Let’s take a look at the death cross and its cousin, the golden cross, to see how they can be identified and used by both traders and investors.
What is a Death Cross?
The death cross is an ominously-named technical indicator that forms when a short-term moving average crosses below a long-term moving average to create a cross. In practice, most traders and investors watch for the 50-day moving average to cross below the 200-day moving average. The crossover is a sign that the long-term trend may be changing, which means investors may want to take profit and traders may want to consider a bearish position.
There are three stages to a death cross:
- Bullish Exhaustion: The price reaches the top of an uptrend and bulls become exhausted. Often times, this period is characterized by falling volume and volatility, as well as reversal candlestick patterns (e.g. dojis or hammers).
- Bearish Crossover: The short-term moving average falls below the long-term moving average, marking the start of a new bearish trend. While the price may have already been declining, the crossover confirms that the downturn is a reality.
- New Downtrend: The long-term moving average becomes a new resistance level as the bearish downtrend continues. Bearish volume may start to accelerate as short-sellers place bearish bets and long-term investors sell their positions.
Let’s take a look at a death cross in action:
In this example, the SPDR S&P 500 ETF (SPY) experienced a death cross on November 30, 2018, which signaled the start of a potential downturn. The benchmark index was already trading well off of its September highs, but the bearish indicator successfully predicted a more than 15 percent decline before the index recovered to trend line resistance in December and January.
Short-term traders may have taken a short position in the benchmark ETF or long-term investors may have purchased protective puts or otherwise hedged their portfolio against the decline.
What is a Golden Cross?
The golden cross is the opposite of a death cross—that is, a short-term moving average crosses above a long-term moving average to create a cross. Like the death cross, it’s usually the 50-day moving average crossing above the 200-day moving average. The crossover is a sign that the stock or index is likely to experience a turnaround, which means traders should consider long positions and long-term investors may want to add to their holdings.
There are three stages to the golden cross:
- Bearish Exhaustion: The price reaches the bottom of a downtrend and bears become exhausted. As with the death cross, this period is characterized by falling volume and volatility, as well as reversal candlestick patterns (e.g. dojis or hammers).

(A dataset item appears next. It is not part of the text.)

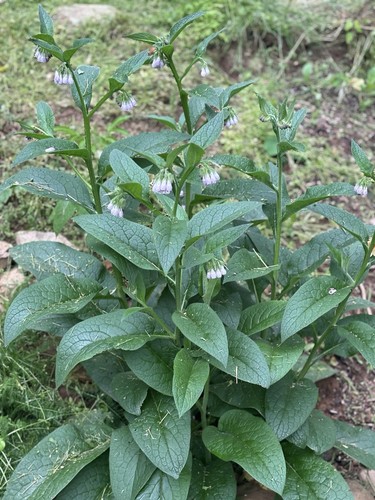 Large bocking comfrey - 20,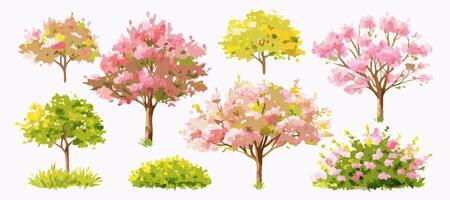 Collection of Watercolor Spring Trees and Bushes vector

- Bullish Crossover: The short-term moving average crosses above the long-term moving average, marking the start of a new bullish trend. Again, while the price may have already been rising, the crossover serves as a confirmation of an uptrend.
- New Downtrend: The long-term moving average becomes a new support level as the bullish uptrend continues. Bullish volume may start to accelerate as traders buy into the trend and long-term investors add to their positions.

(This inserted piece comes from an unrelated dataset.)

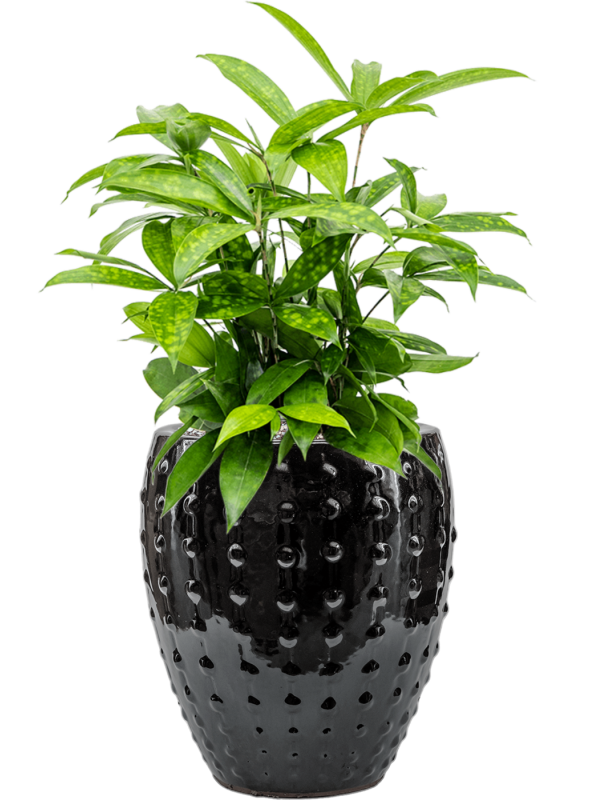 Dracaena surculosa in Laos Mini Office Plant With Pot 58cm Height 19cm Dia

Let’s take a look at an example in action:
In this example, Twilio Inc. (TWLO) experienced a golden cross on March 12, 2018 and the stock rose nearly 140 percent over the ensuing year. The stock had already started to rise prior to the golden cross, but the signal confirmed that a long-term turnaround was in place.
Short-term traders may have decided to take a long position following the golden cross, while long-term investors may have added to their positions.
The Bottom Line
The death cross and golden cross are important indicators of a potential change in long-term trends. Short-term traders may screen for these crossovers and use them as a starting point for deeper analysis, while long-term investors may watch for crossovers in benchmark indices as a harbinger.
Like all technical indicators, it’s important to use the golden cross and death cross in conjunction with volume and other forms of technical analysis to confirm changes in trend and develop an exit strategy for the position.